Robust Adaptive Controls for Shipboard Landing of Multi-Rotor Unmanned Aerial Vehicles

Alex Bryant and Lauren Ingmire in the lab.

A newly funded project in the School of Aerospace and Mechanical Engineering makes use of close collaboration between researchers in different fields to improve a critical technology for national defense. Dr. Keith Walters and Dr. Andrea L’Afflitto (now a faculty member at Virginia Tech) are combining their respective expertise in aerodynamics and controls to address a difficult challenge for unmanned aerial vehicles (UAVs).

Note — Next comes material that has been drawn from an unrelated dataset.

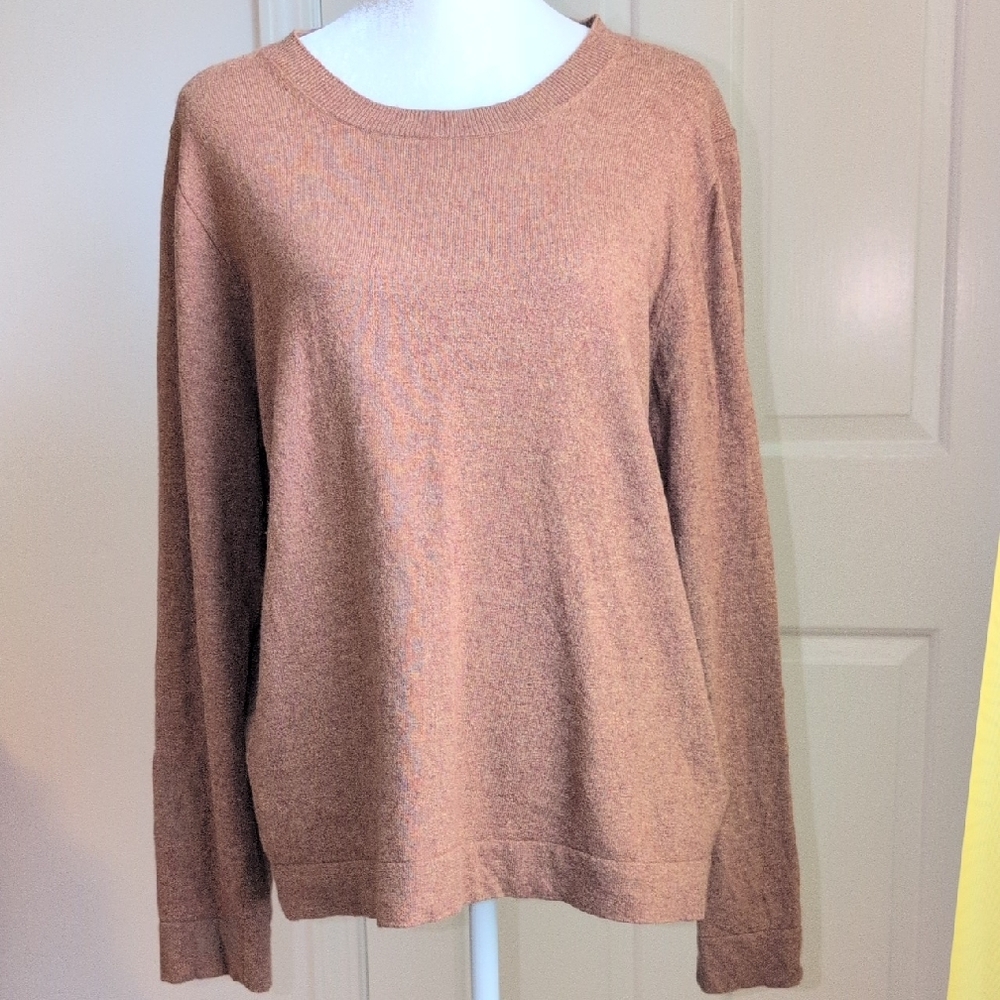 Tan Crew Neck Sweater with Ribbed Cuffs and Hem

It is well known that UAVs are increasingly being used for both commercial and military applications. The United States Department of Defense (DoD) currently employs multi-rotor helicopters (quadcopters) for remote sensing missions, such as surveillance and search and rescue. In the future, they will support troops by performing tactical tasks, such as picking up and dropping off payloads and surveying cluttered environments. Of particular interest are vehicles that operate autonomously, that is without any direct control by human pilots. These vehicles use onboard computers and mathematical control algorithms to perform necessary aerial maneuvers, travel to desired locations, avoid obstacles, and perform whatever tasks are required of their mission. The development of new and improved control algorithms is, therefore, an active area of research with the potential for substantial impact on next-generation UAVs.

This project focuses on the development of improved control algorithms specifically designed for the landing of UAVs on U.S. Navy ships. Shipboard landing is a complex task for UAVs because 1) the deck is highly unsteady in rough seas; 2) adverse sea conditions are often accompanied by adverse weather and high winds; 3) the superstructure of a moving ship induces a wake in the air, which further perturbs the UAVs landing on its deck; 4) near hard surfaces, the ‘ground effect’ alters the thrust produced by the propellers; and 5) UAVs returning from a mission may be damaged. To land on the deck of a ship, a UAV’s control system regulates the thrust forces of each propeller so that the aircraft approaches the ship with some desired relative velocity and orientation, leading to (hopefully) a gentle touch down in the appropriate location.

The primary objective of this research is to design a robust adaptive control system for multi-rotor UAVs that allows precise landing on the deck of moving ships. The work builds on prior research by former AME faculty member Andrea L’Afflitto and will make use of a model reference adaptive control (MRAC) architecture. Such an approach guarantees robustness of the closed-loop feedback system to both uncertainties in system parameters and unknown state-dependent disturbances that affect the control inputs, such as wind gusts or the swinging of an attached cargo payload.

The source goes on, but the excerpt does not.